Goal of the exercise:
Below is a set of records, and all of them should be retyped exactly, minus the pictures.

Data provided:
:::::
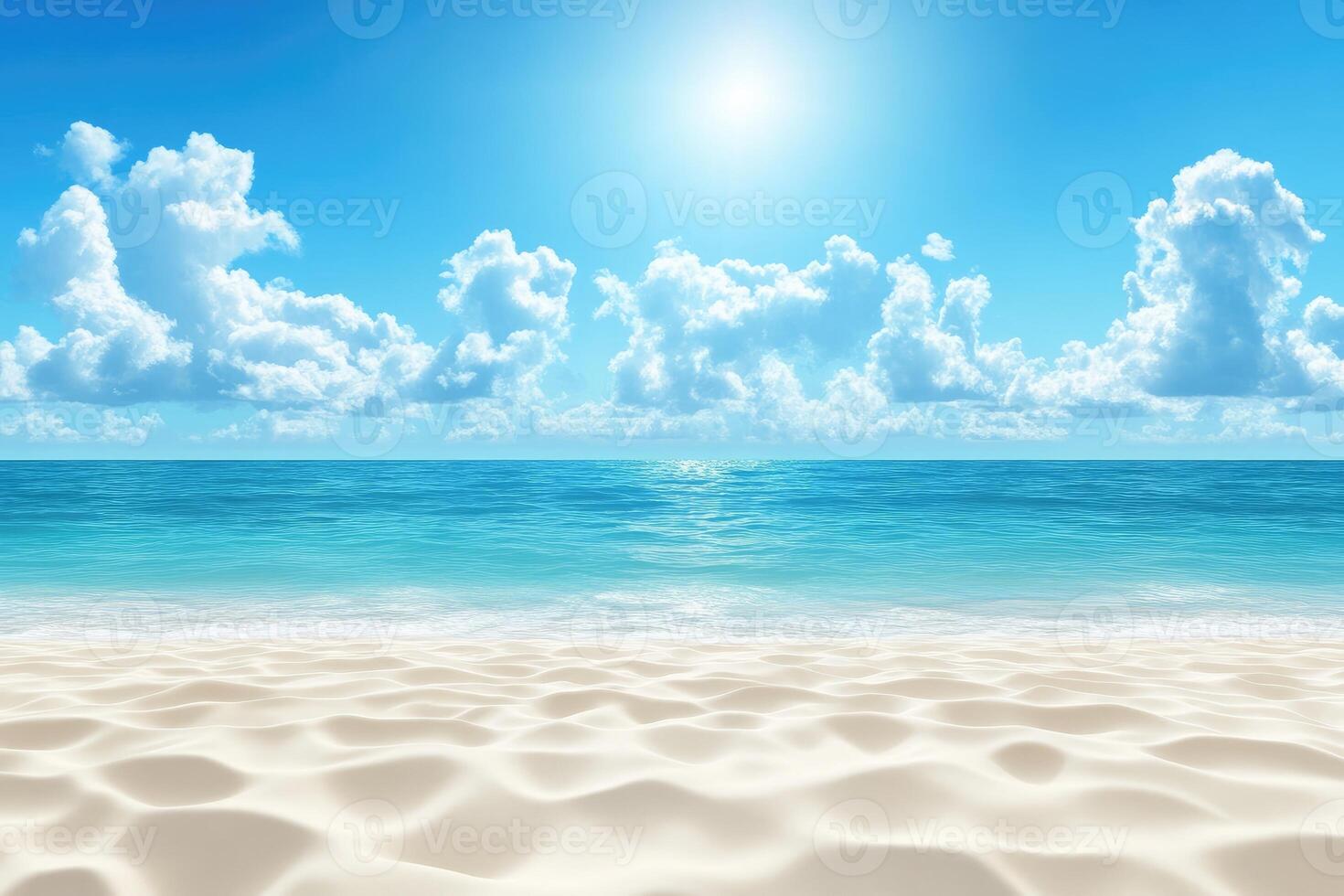 A beautiful beach scene with blue sky and clouds photo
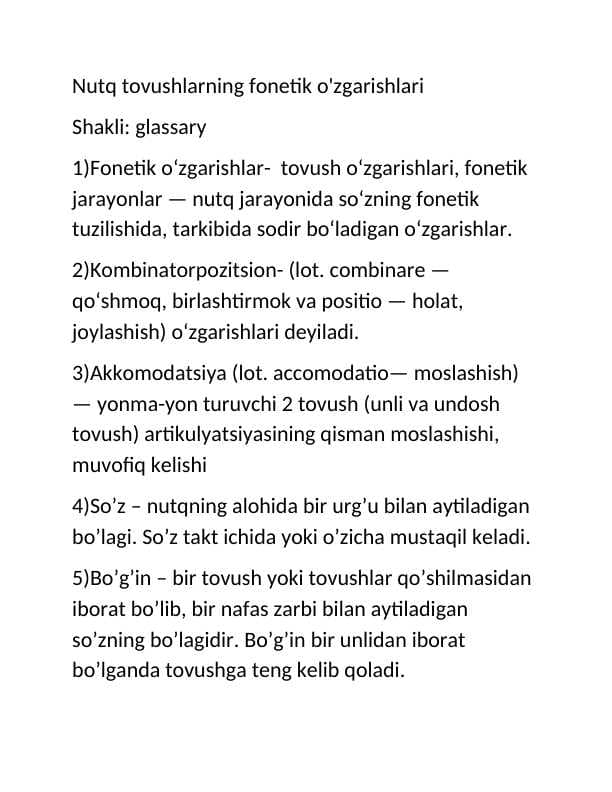 Nutq tovushlarning fonetik o'zgarishlari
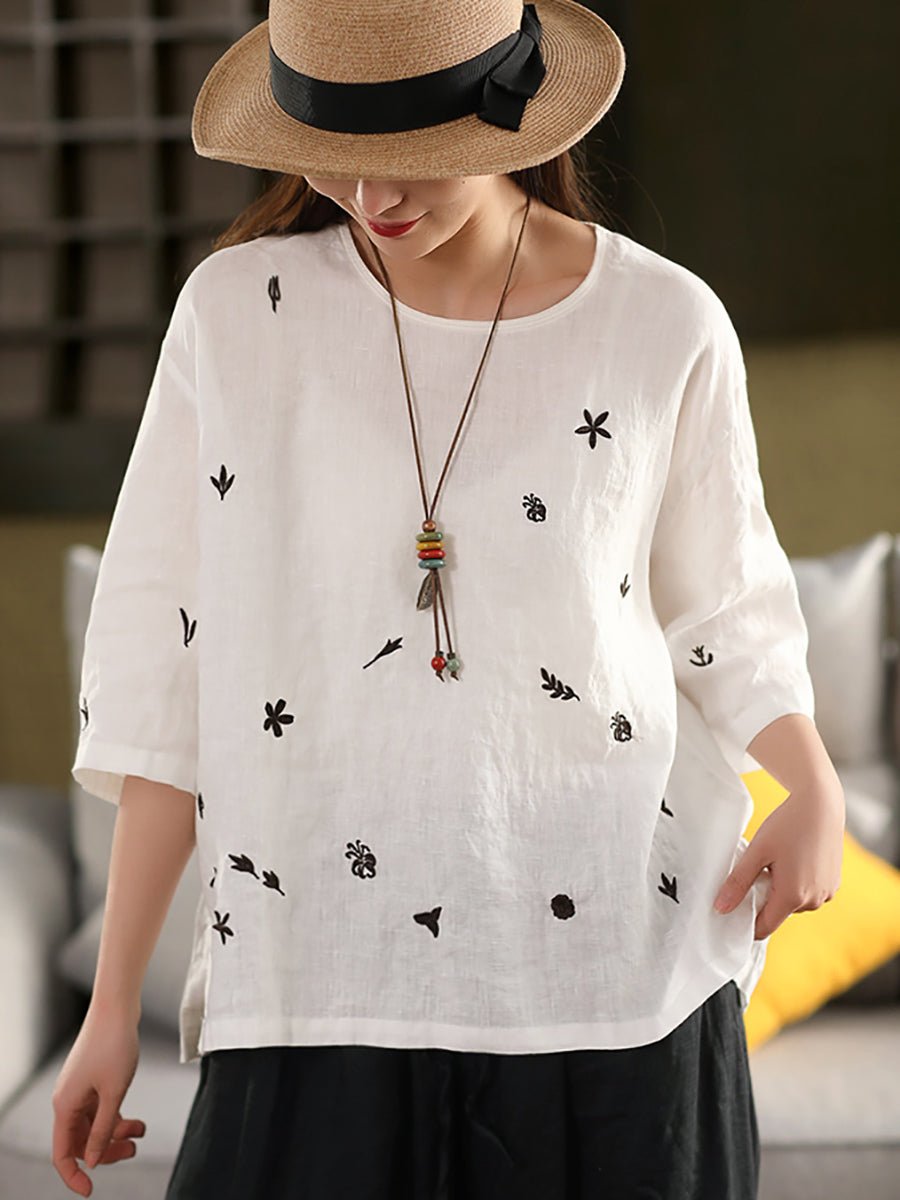 Women Spring O-Neck Flower Embroidery 100%Linen Shirt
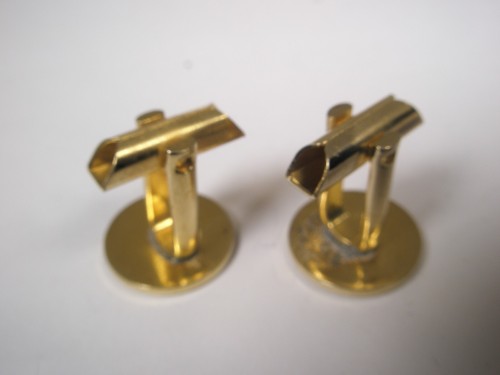E Monogram Initial Letter Gold Tone Vintage Cuff Links eric eli enoch erin - Picture 7 of 7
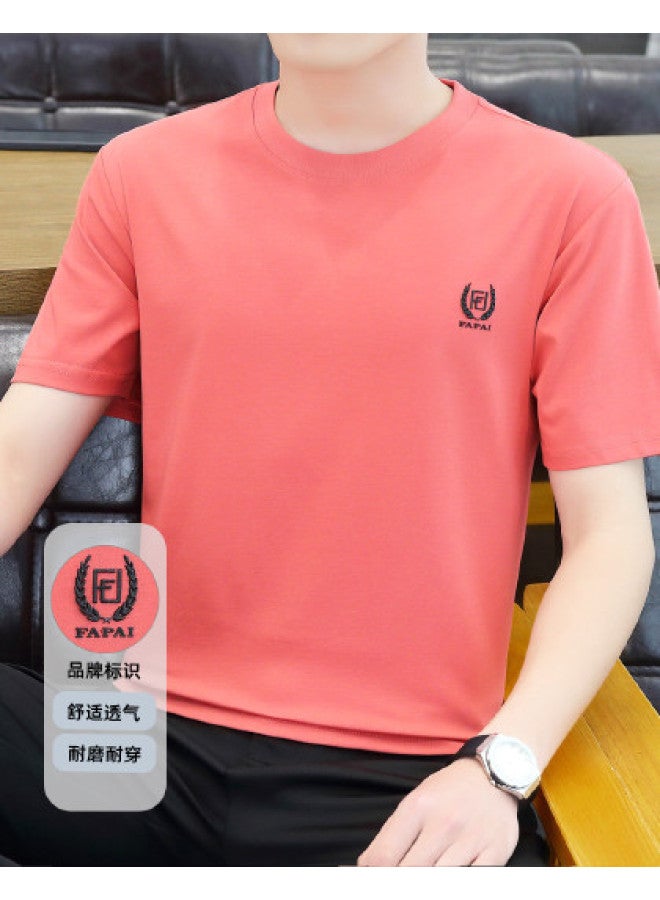 Fapai Summer Simple Fashion Solid Color Cotton Basic Comfortable Breathable Men's T-shirt Short Sleeve Top - Image 1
:::::
Problem solution:
 A beautiful beach scene with blue sky and clouds photo
 Nutq tovushlarning fonetik o'zgarishlari
 Women Spring O-Neck Flower Embroidery 100%Linen Shirt
E Monogram Initial Letter Gold Tone Vintage Cuff Links eric eli enoch erin - Picture 7 of 7
 Fapai Summer Simple Fashion Solid Color Cotton Basic Comfortable Breathable Men's T-shirt Short Sleeve Top - Image 1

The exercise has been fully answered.